Work required:
Every line from the one with "사리현동 STATUS_DISK_NOT_INITIALIZED - Photorealistic" through the end of the material below, both ends included, should be transcribed exactly, without pictures.

Recorded data:
-----

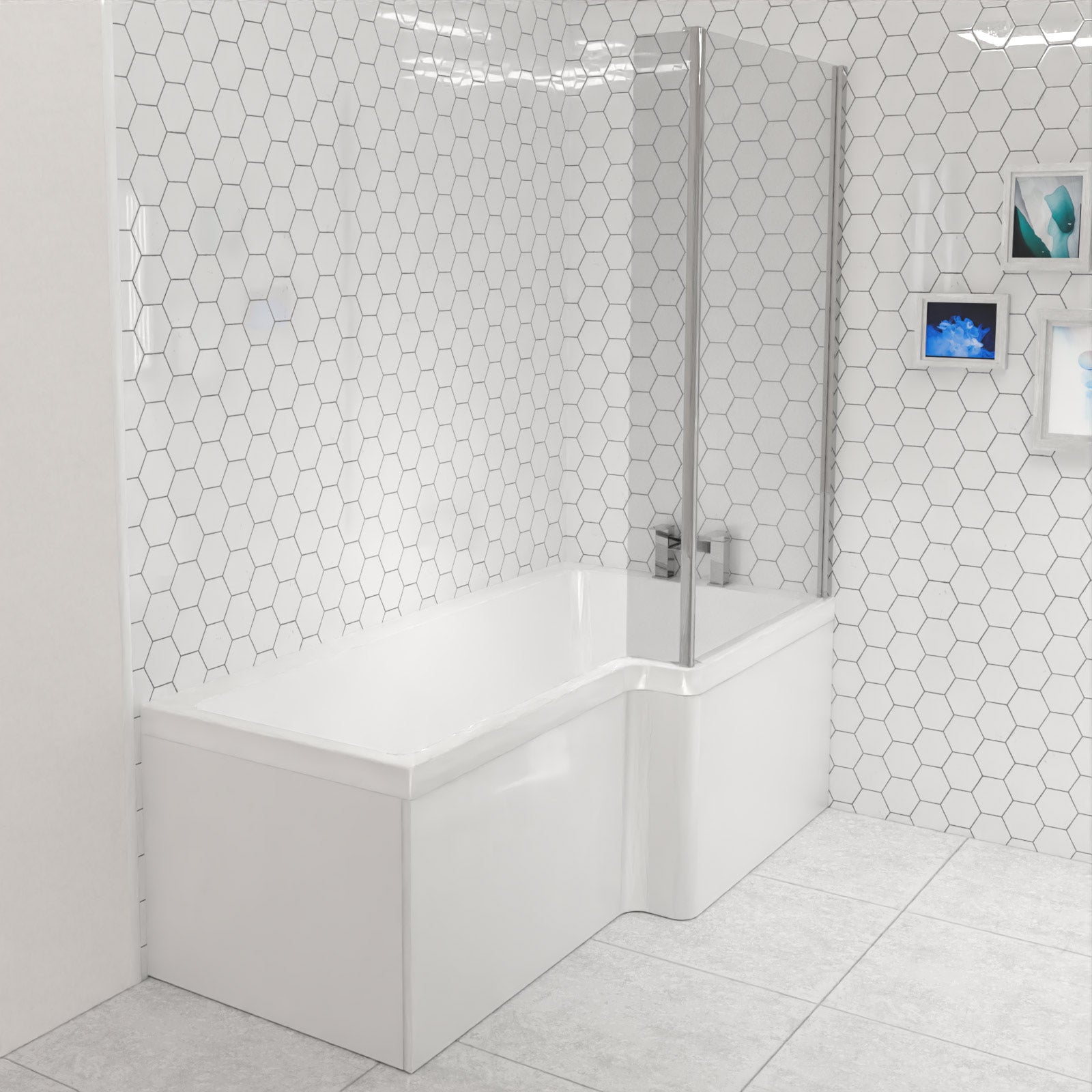 Modern Bathroom L-shape Shower Right Hand Bath Screen And Front Panel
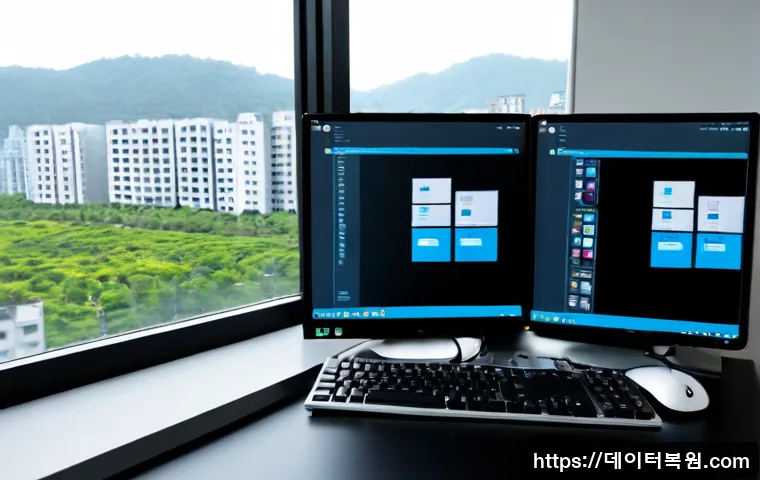 사리현동 STATUS_DISK_NOT_INITIALIZED - Photorealistic IT support workstation in a compact modern office, dual monitors showing a clean gene...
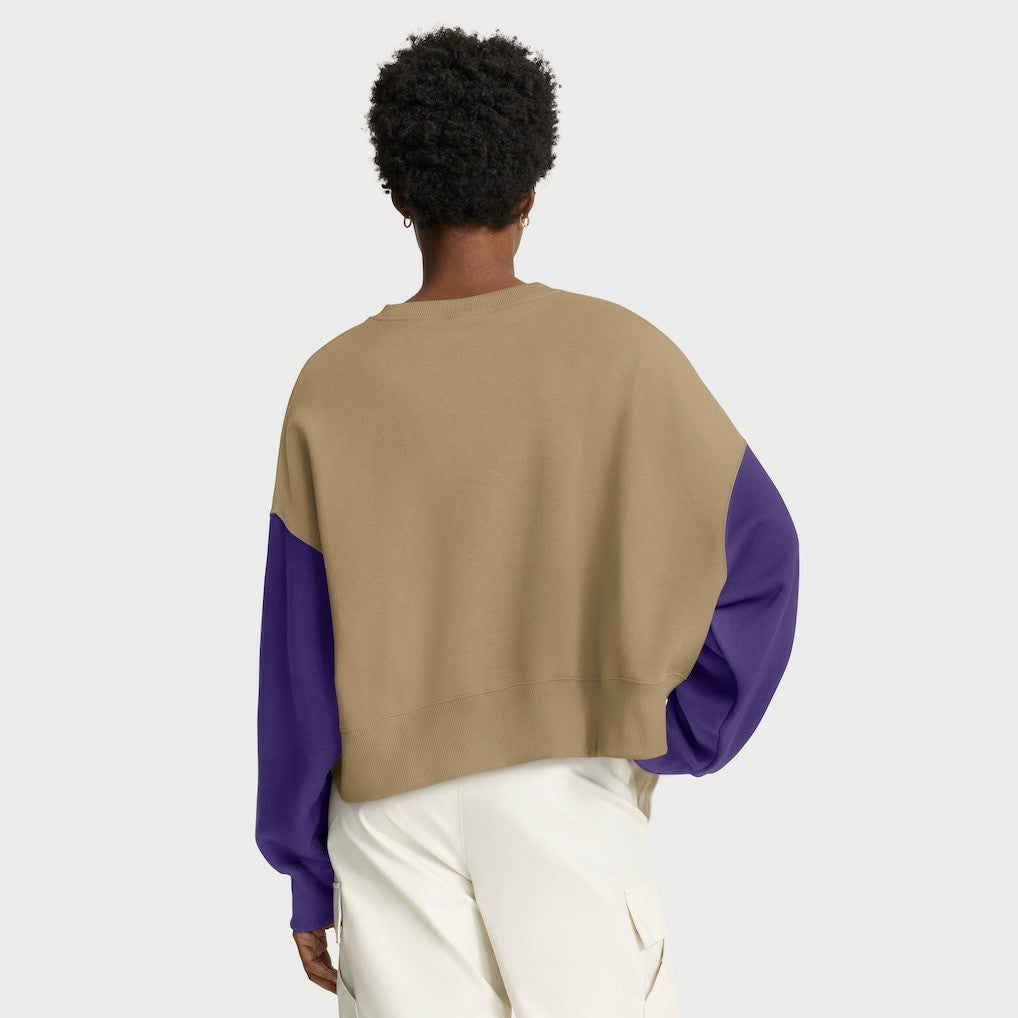 Minnesota Vikings Women's Oversized Rewind Pullover Sweatshirt Tan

-----

Expected answer:
 사리현동 STATUS_DISK_NOT_INITIALIZED - Photorealistic IT support workstation in a compact modern office, dual monitors showing a clean gene...
 Minnesota Vikings Women's Oversized Rewind Pullover Sweatshirt Tan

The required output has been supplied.